What is being asked: Wherever pictures appear in the listing below, leave them out, and copy exactly, and only, everything from the line with "Suzanne Dinkesstill Boats" down to the line with "Leather couch finish repair before and after".

Extracted data:
⟨
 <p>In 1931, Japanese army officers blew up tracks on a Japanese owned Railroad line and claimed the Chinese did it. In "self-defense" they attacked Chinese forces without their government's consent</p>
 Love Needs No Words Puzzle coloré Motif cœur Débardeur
⟩
⟨
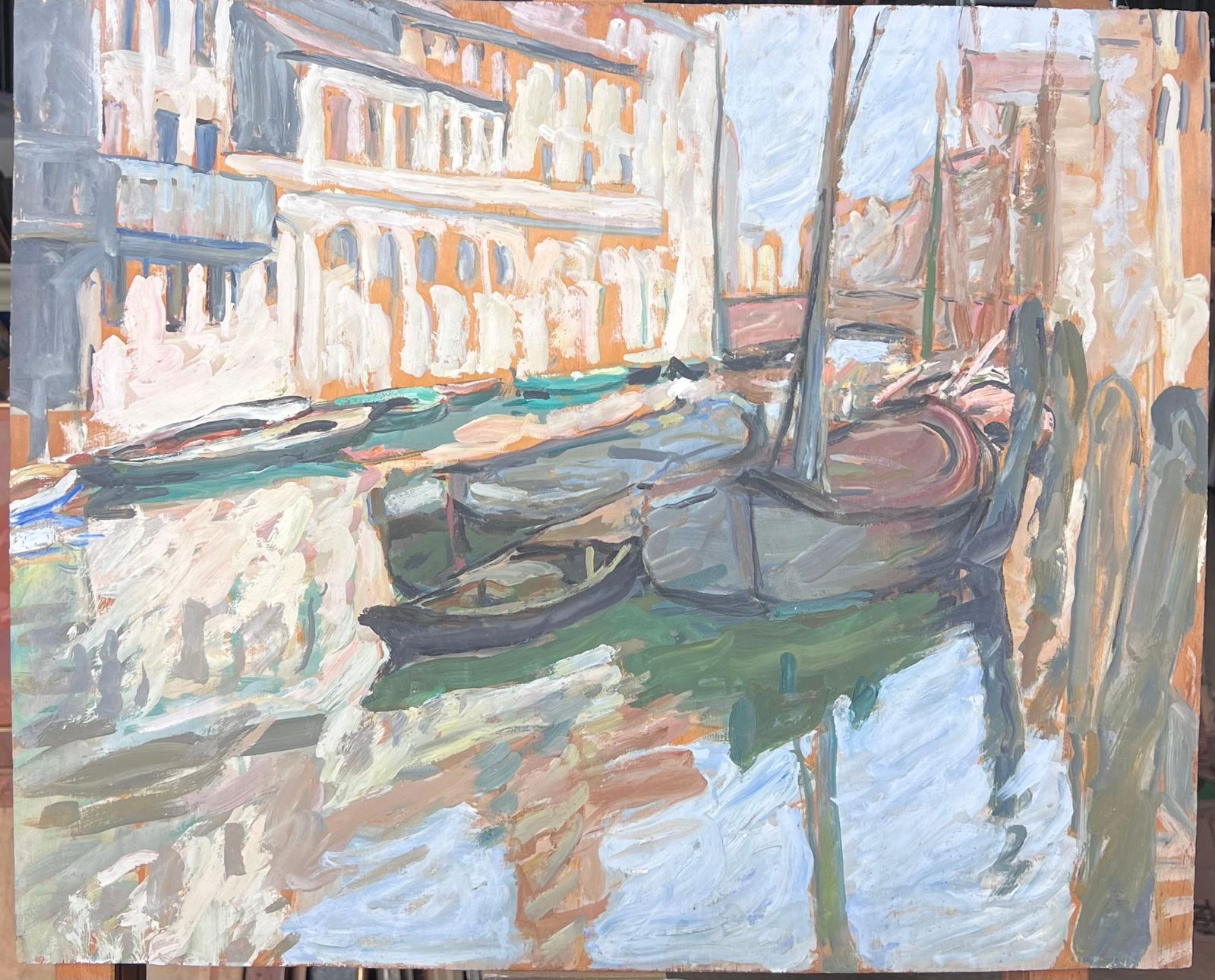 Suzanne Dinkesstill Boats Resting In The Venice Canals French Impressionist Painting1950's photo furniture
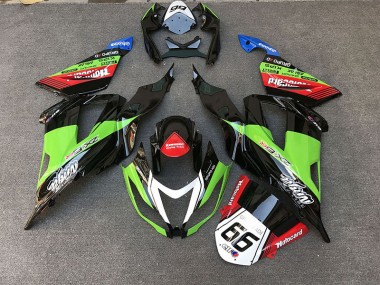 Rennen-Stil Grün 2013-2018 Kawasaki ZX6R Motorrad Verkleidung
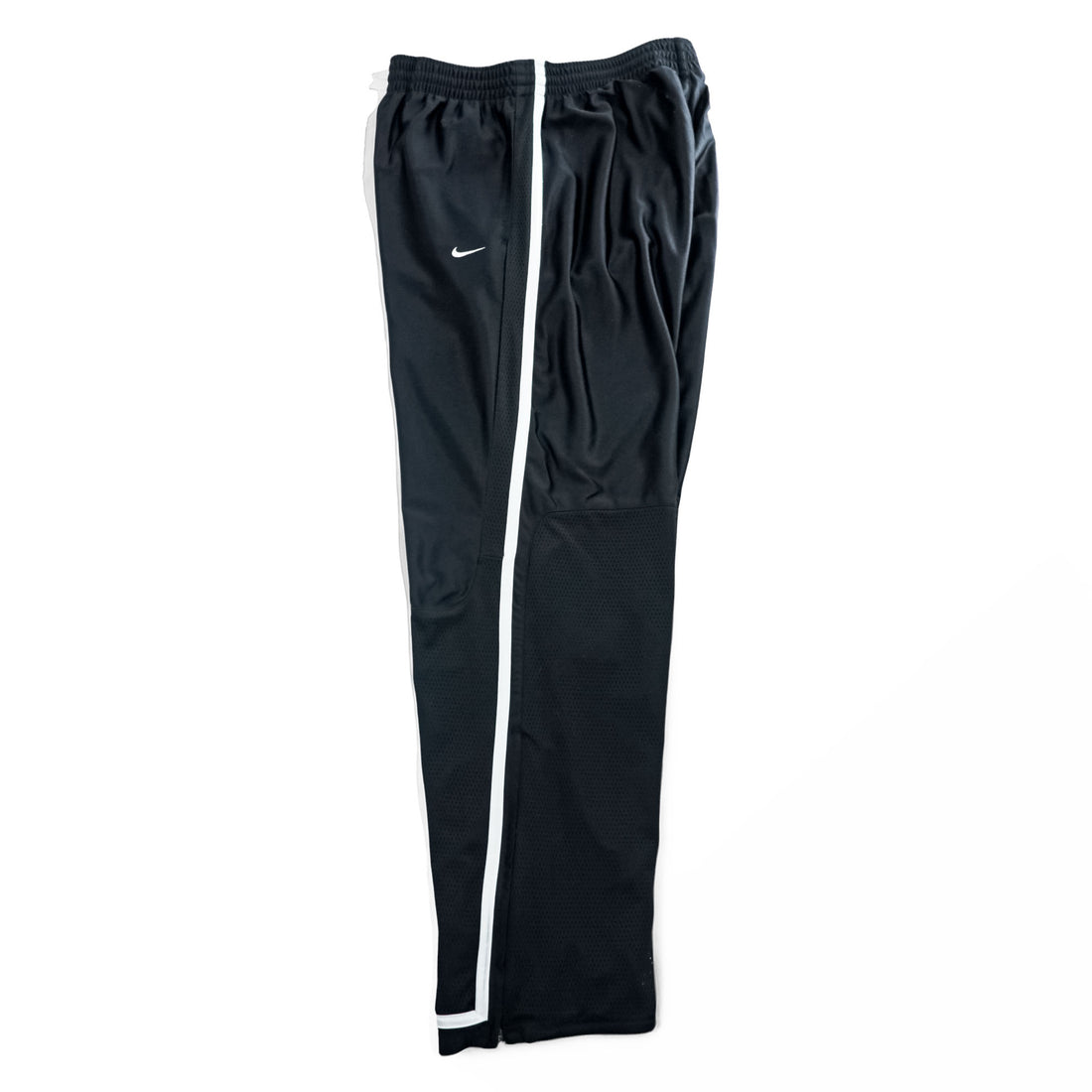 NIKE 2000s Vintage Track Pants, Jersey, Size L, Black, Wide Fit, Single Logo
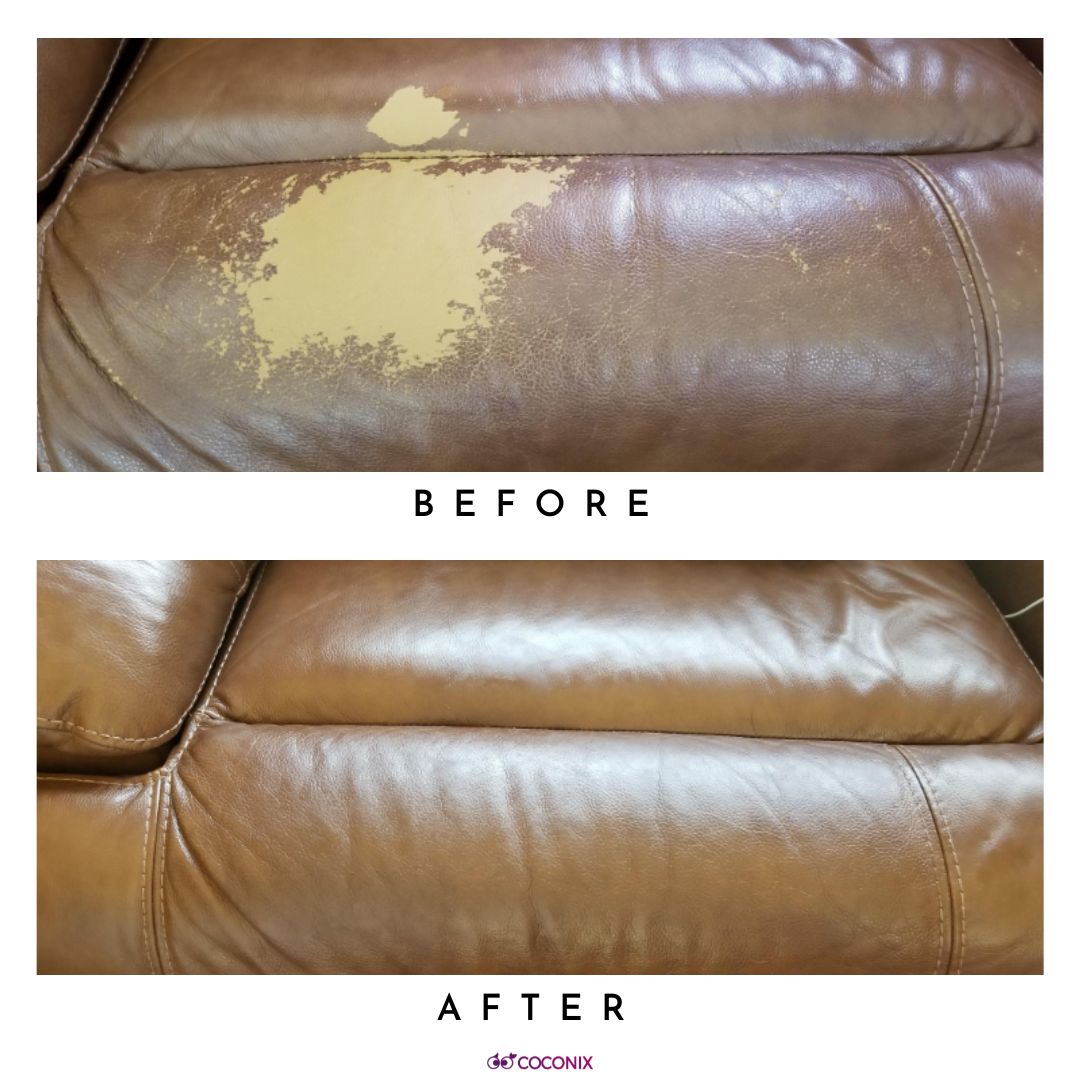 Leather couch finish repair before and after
⟩
Expected output:
 Suzanne Dinkesstill Boats Resting In The Venice Canals French Impressionist Painting1950's photo furniture
 Rennen-Stil Grün 2013-2018 Kawasaki ZX6R Motorrad Verkleidung
 NIKE 2000s Vintage Track Pants, Jersey, Size L, Black, Wide Fit, Single Logo
 Leather couch finish repair before and after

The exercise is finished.